Approved by the Energy, Environment, and Water Policy Committee on December 12, 2017 
Approved by the Public Policy Committee on May 6, 2018
Adopted by the Board of Direction on July 13, 2018


The American Society of Civil Engineers (ASCE) supports:

  • Continued enforcement of the statutes regulating the disposal of wastes into ocean and coastal waters, especially the Marine Protection, Research, and Sanctuaries Act (MPRSA), and the Clean Water Act (CWA).
  • Continued research of the long-term impact of waste disposal on ocean and coastal waters.
  • Updated regulations based on research, directing the quality and limiting the quantity of waste dumping and municipal sewage discharges in ocean and coastal waters to levels that are economically, socially and environmentally sustainable.
  • Cooperation with international programs for limiting waste disposal in coastal waters.


There are raising concerns about the costs and environmental consequences associated with ocean disposal of solid and liquid wastes and treated wastewater, include the impact of floating solid waste islands and plastics, and the reduction in near shore salinity. These concerns have lead to increasing restrictions on marine disposal. 

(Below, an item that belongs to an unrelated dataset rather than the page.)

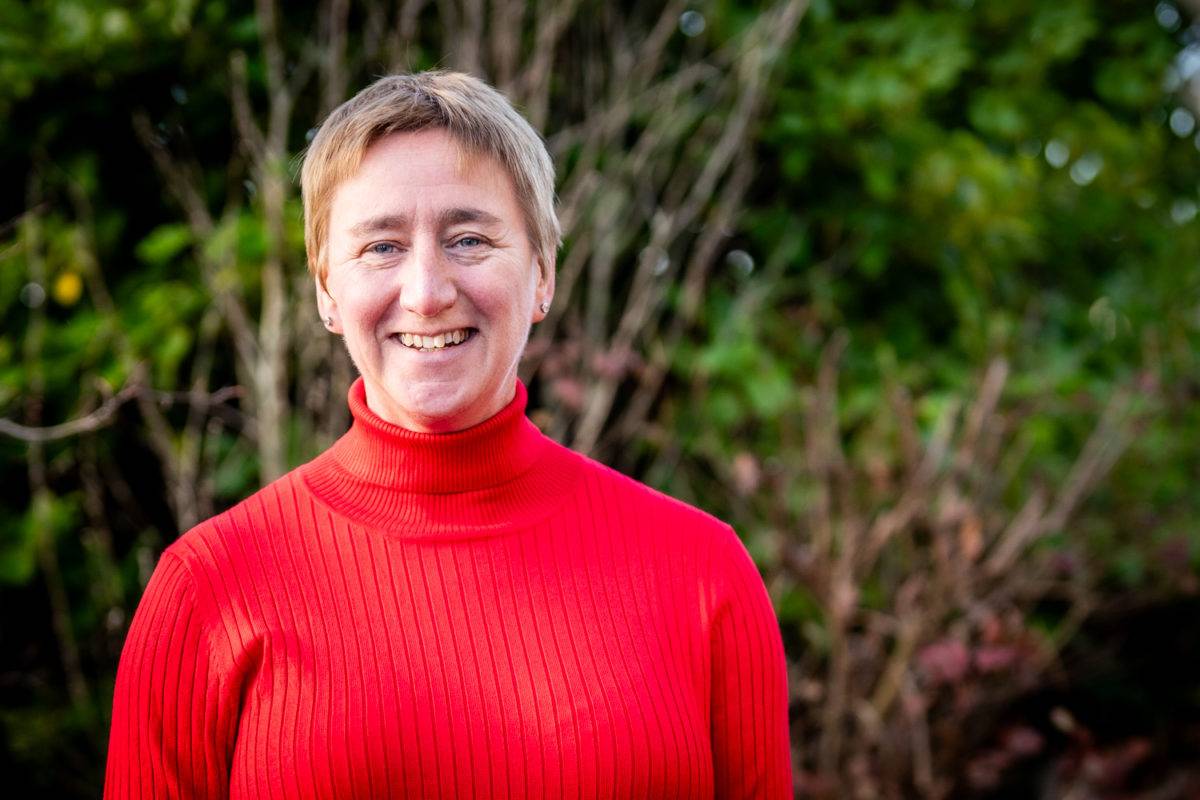 Leading campaigner helping women access better quality menopause information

Ocean and coastal waters provide vast resources of enormous ecological and economic value. In the past, disposal of large quantities of wastes in ocean and coastal waters was practiced without adequate knowledge of the fate of these wastes and their effect on the marine environment. Waste dumping has been indiscriminate and has resulted in incidents of marine pollution and poisoning of marine biota with chemicals that can ultimately be toxic to humans. Bacterial contamination has resulted in an increase in the number of incidences of beach closures, infections in marine wildlife, and suspensions of harvesting from shellfish beds. Freshwater discharges for treated wastewater facilities are changing the salinity and ecosystems of near shore aquatic communities.

In order to develop adequate marine management programs, continued research is required on the fate of pollutants and chemicals introduced into these waters. This includes monitoring of ocean environments and coastal modeling. In addition, more research is recommended for effective sustainable methods of reducing the quantity of waste and wastewater being disposed in coastal and ocean water environments.